Required work »
What I need is an exact repeat of the lines from the one with "Moressans - Luxurious Font" through the end of the listing below. Leave out every picture.

Input data »
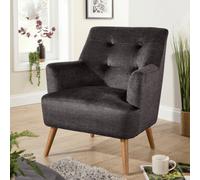 Arta Accent Chair Armchair Occasional Sofa Modern Upholstered Seating Home Source Grey One Size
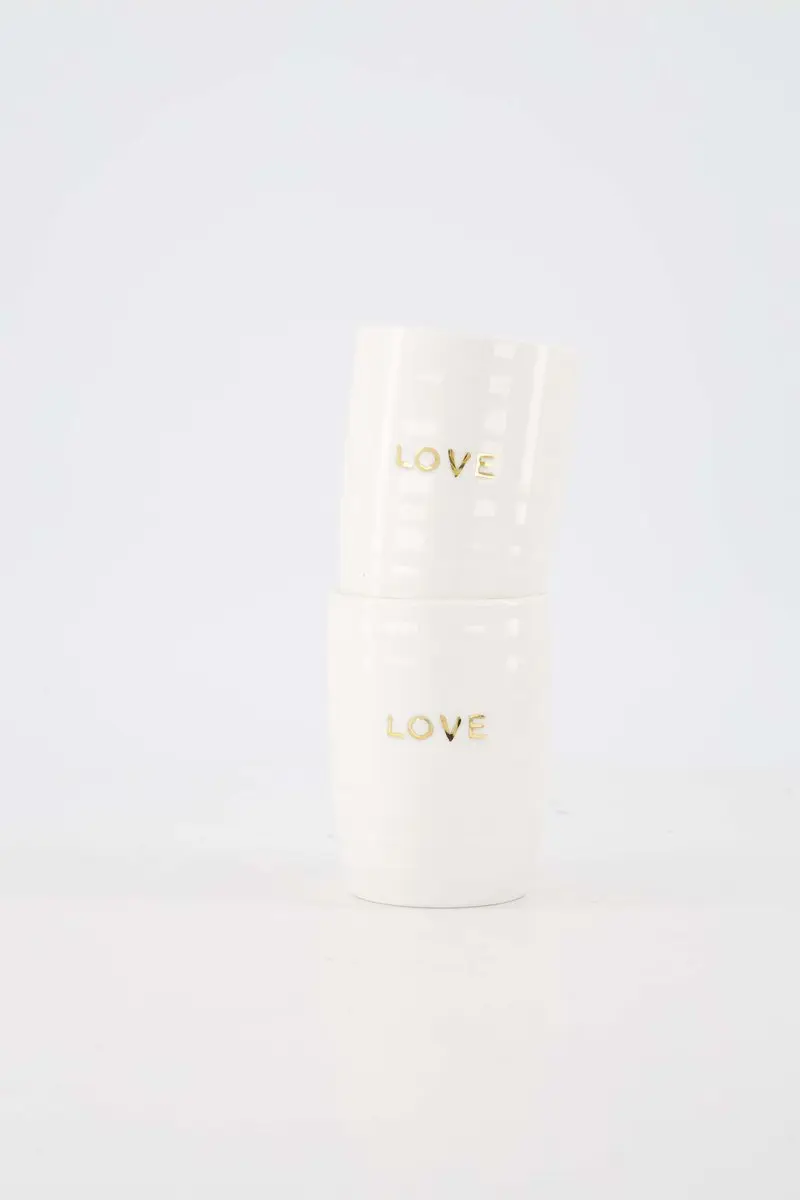 Zusss Love Koffiemokken Set 2 Stuks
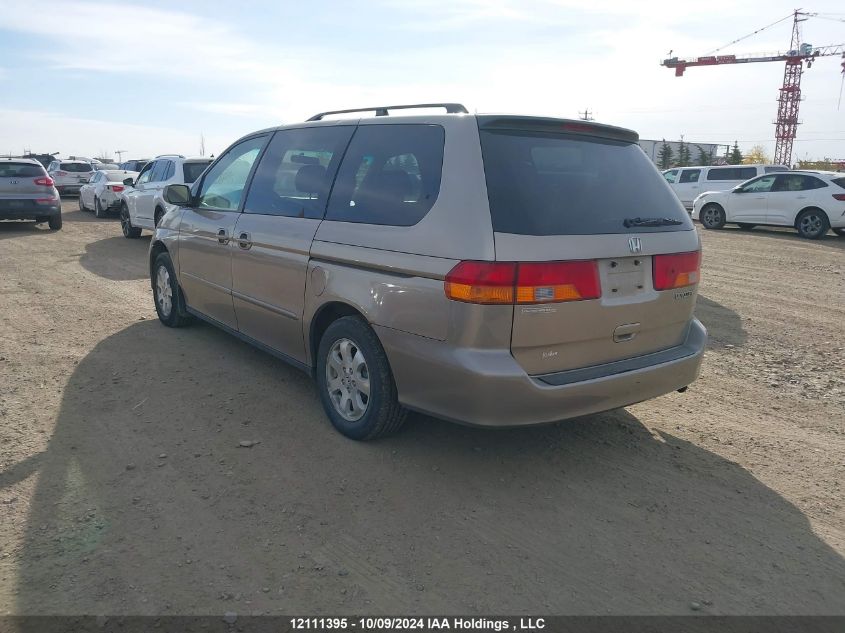 2004 Honda Odyssey Exl VIN: 2HKRL18934H003393 Lot: 12111395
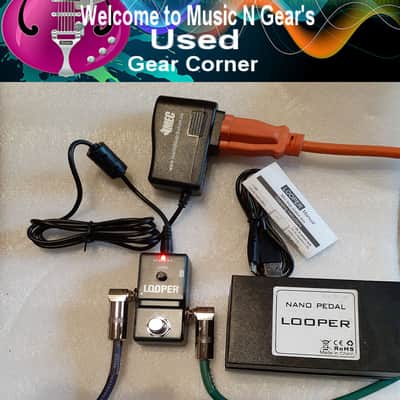 Rowin LN-332 Looper NANO Series Guitar Effect Micro Pedal with USB +WAV True Bypass + USB Cable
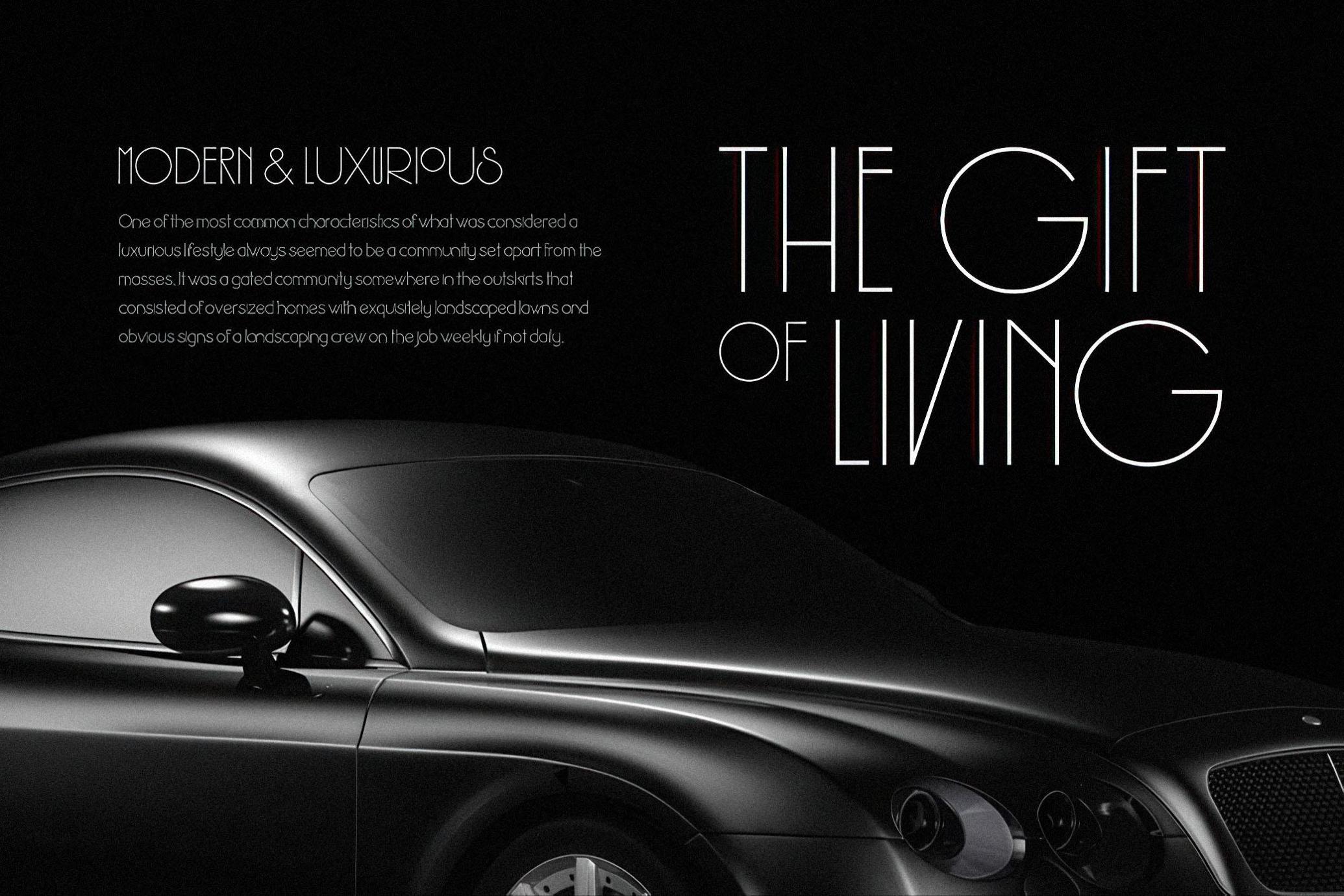 Moressans - Luxurious Font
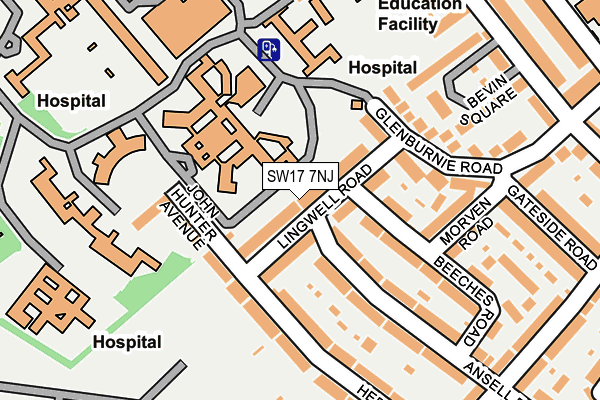Map of TRINITY LEE LTD at local scale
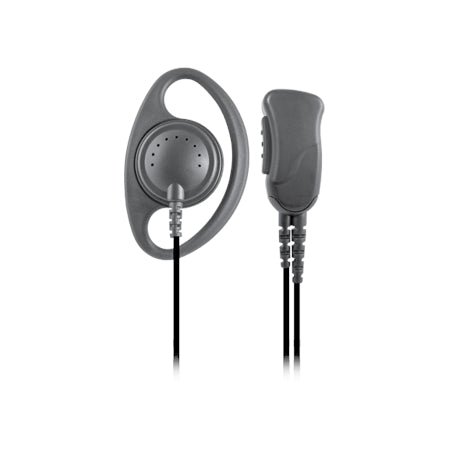 Medium duty lapel mic with Open D - Loop with Hytera 2 - Pin Connector - 49er Communications - Miner Mic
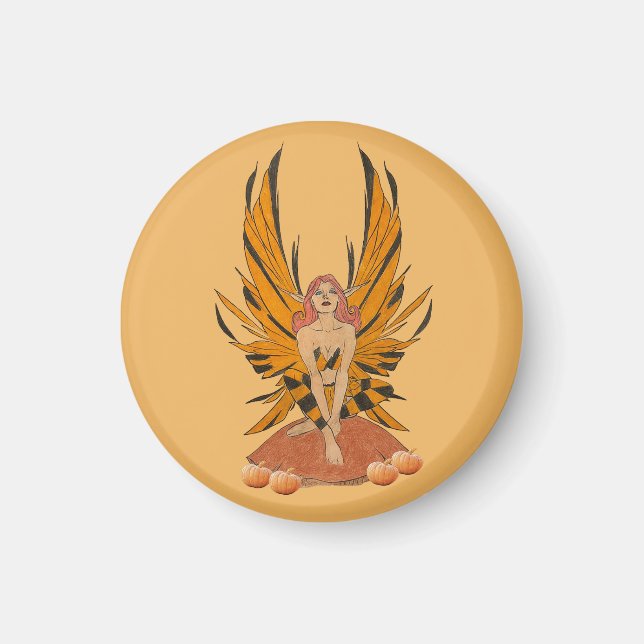 Halloweenälva Magnet (Framsidan)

Task response »
 Moressans - Luxurious Font
Map of TRINITY LEE LTD at local scale
 Medium duty lapel mic with Open D - Loop with Hytera 2 - Pin Connector - 49er Communications - Miner Mic
 Halloweenälva Magnet (Framsidan)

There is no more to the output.